# waeco cruise control



## takmando (Nov 17, 2011)

hi .can anyone help me .i am after buying a waceo ms900 cruise control for my fiat ducato 2007 van . but for the life in me i can't find a dealer .has anyone bought one lately .if so where did you buy it and did you fit it yourself and does it work fine .and how much was it .if you don't mind me asking . thanks .takmando


----------



## Zebedee (Oct 3, 2007)

Hi Takmando

Where are you posting from?

It would help a great deal if we knew - are you in France?

Dave


----------



## takmando (Nov 17, 2011)

hi zebebee .i live in france .but go back to lancashire uk now and then .thanks


----------



## eurajohn (May 9, 2005)

Hi takmando, check out German eBay like this one >Ducato cruise< , I got mine from one of the many dealers selling them on there. I'm also in France and have found the German ebayers to be 100%.


----------



## Mrplodd (Mar 4, 2008)

I think the usual problem with aftermarket cruise controls is that the ECU has io be re-programmed so it "knows" there is a cruise control fitted.

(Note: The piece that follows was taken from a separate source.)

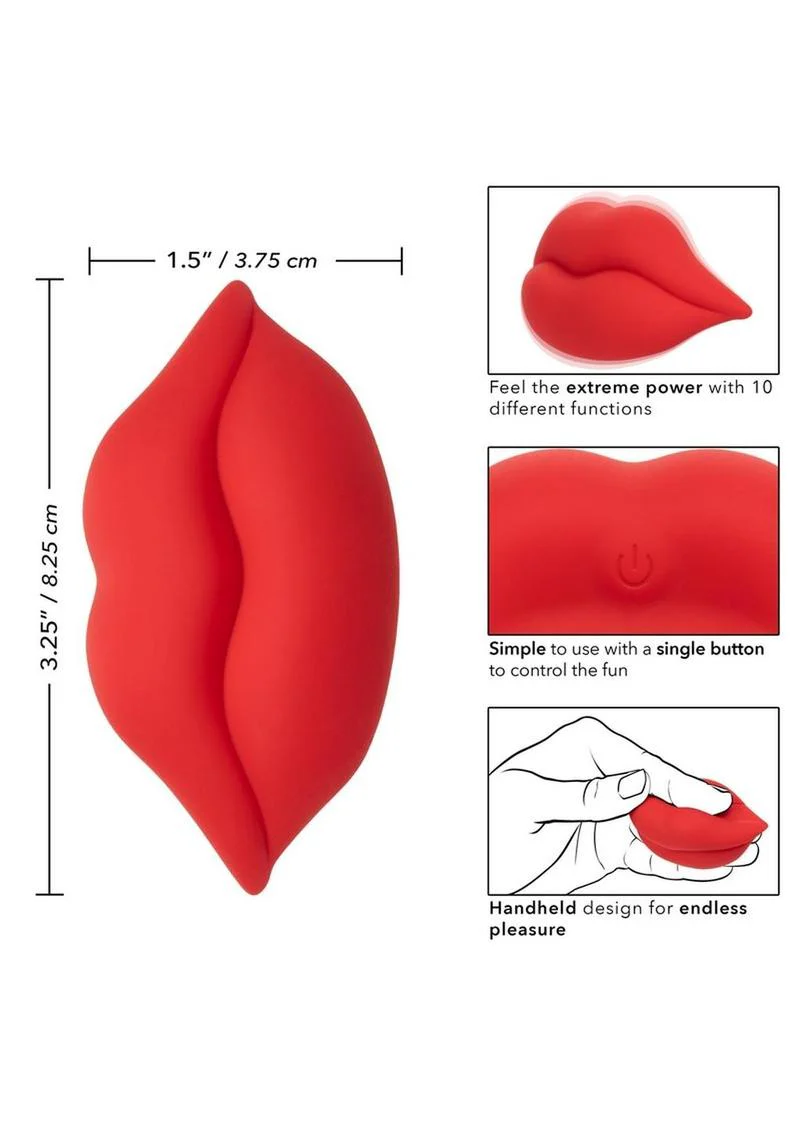 CalExotics Naughty Bits MUAH Mini Vibrator 10 Functions Rechargeable - Image 3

To the best of my knowledge CC is just a switch that "tells" the ECU to maintain the current road speed, the ECU then adjusts the throttle/injection system to maintain said speed. 

Simples!! (in theory!!)


----------



## takmando (Nov 17, 2011)

thanks john .but I've been stung for 400 quid before on ebay and i won't do it again. i'm not saying there not genuine .but I've had mi fingers burnt . thanks all the same .takmando


----------



## javea (Jun 8, 2007)

Conrad Anderson in Birmingham?


----------



## rogerblack (May 1, 2005)

javea said:


> Conrad Anderson in Birmingham?


Seconded


----------



## richardjames (Feb 1, 2006)

Try >>>>waeco<<<<


----------



## eurajohn (May 9, 2005)

Hi takmando, I'm surprised that you were "stung" for any amount of money via eBay, if you do the transaction through them and pay via PayPal you as a buyer will always get recompense should any part of the transaction go wrong. I've spent many thousands of pounds / euros through GB, German and French eBay with barely a hitch strangely the only problem I've ever encountered is with U K sellers. I did ponder long before actually paying my money (€1350) for a welding set from a German seller but as with all other deals I've done through the German site delivery was quicker than I'd hoped for and the quality was even better!
If you are any where near me (in Mayenne) I'll do the transaction for you.


----------